When Apple announced the iPhone in 2007, they presented it as a device that did three things: made calls, played music and video, and browsed the web. When I saw the announcement, I knew that day that I had to have one when it was released.
That wasn’t because I was an Apple geek (although I certainly was). It was because I immediately knew what it did and what it would do for me. It would do what I’d tried to do with a PocketPC for a couple years—put the web, my contacts and calendar in my pocket, wherever I am—and combine my phone and iPod into a single device that is superior to them at their intended function. I knew it because that’s how Apple presented it. They presented it as a device that did those three things.
They could have presented it as a technological marvel, a device that combines a high-resolution multitouch screen, fast mobile processor, cell and WiFi radios, and proximity, ambient light and accelerometer sensors into a handheld device with desktop-breed software and surprisingly-good battery life, a PC in your pocket. But they didn’t; rather, they presented it in terms of what it did for users and what they would find useful about it.
This isn’t important just for presenting the iPhone, however; of course, doing so made it immediately intelligible to me and many others, even those for whom the technology underneath it is closer to magic than science. They presented it from the user’s perspective, rather than from the creator’s, and showed what role it could play in our own lives, rather than make the viewer do that translation on their own. That’s an important lesson for how to market a product, but I think what’s even more important is that this focus on what it does for the user didn’t start at Apple when they began creating the presentation to introduce the iPhone—it began all the way at the beginning of the project itself. They envisioned and designed the product as a user, rather than as a designer or engineer.
What this means is starting with a problem or unfulfilled need that people have, something that, if it were improved, would make people’s lives better in some way. Then, you must understand precisely what that problem is, what the person really wants, and what the underlying causes of it are. Only then will you start designing a product or service. By doing so, the entire product creation process—from generating ideas (“ideation,” a word I loathe) to packaging and delivering it to customers—is within the context of solving a concrete problem. Every design and engineering decision made happens within it, and there is a built-in decision process for whether to add or remove something, and metric for how well each part succeeds: does it better solve the problem for the user?

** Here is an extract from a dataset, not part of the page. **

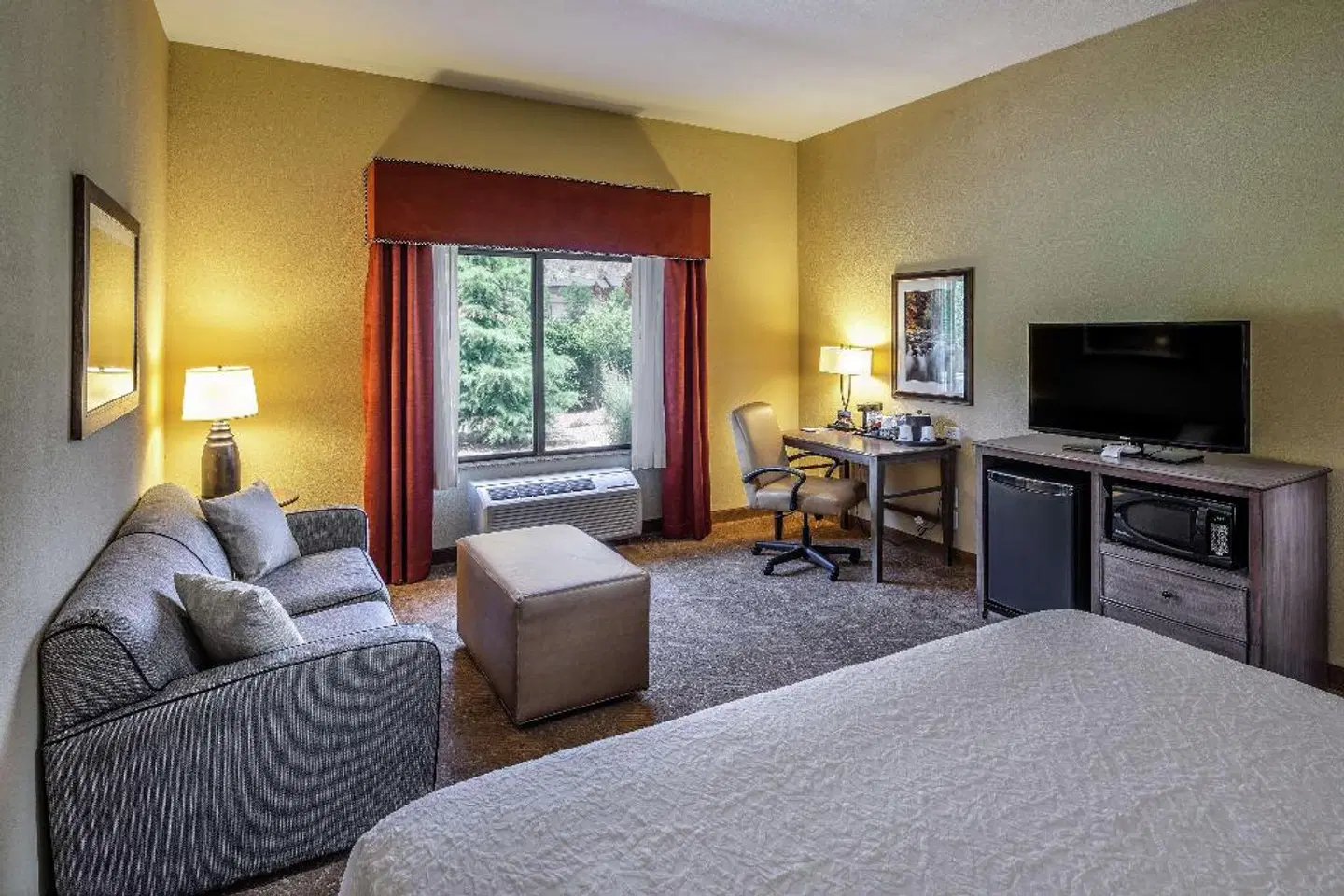 Hampton Inn & Suites Springdale/Zion National Park ROOM_EXAMPLE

This goes beyond “empathizing” with users.1 Instead, it means thinking as a user, from beginning to end, and using that perspective to decide what you should or shouldn’t do, and what your product or service should or shouldn’t be.
Apple does this better than any other company, and that’s the case in part because they are ruthlessly focused on it. One of Jobs’s more well-known sayings is that he is as proud of the products they didn’t ship as the ones they have shipped. This line is held up as a reminder that to do great work, companies must focus. But focus on what? This provides us with an answer: focus on what will do the most good for users. All decisions flow from that.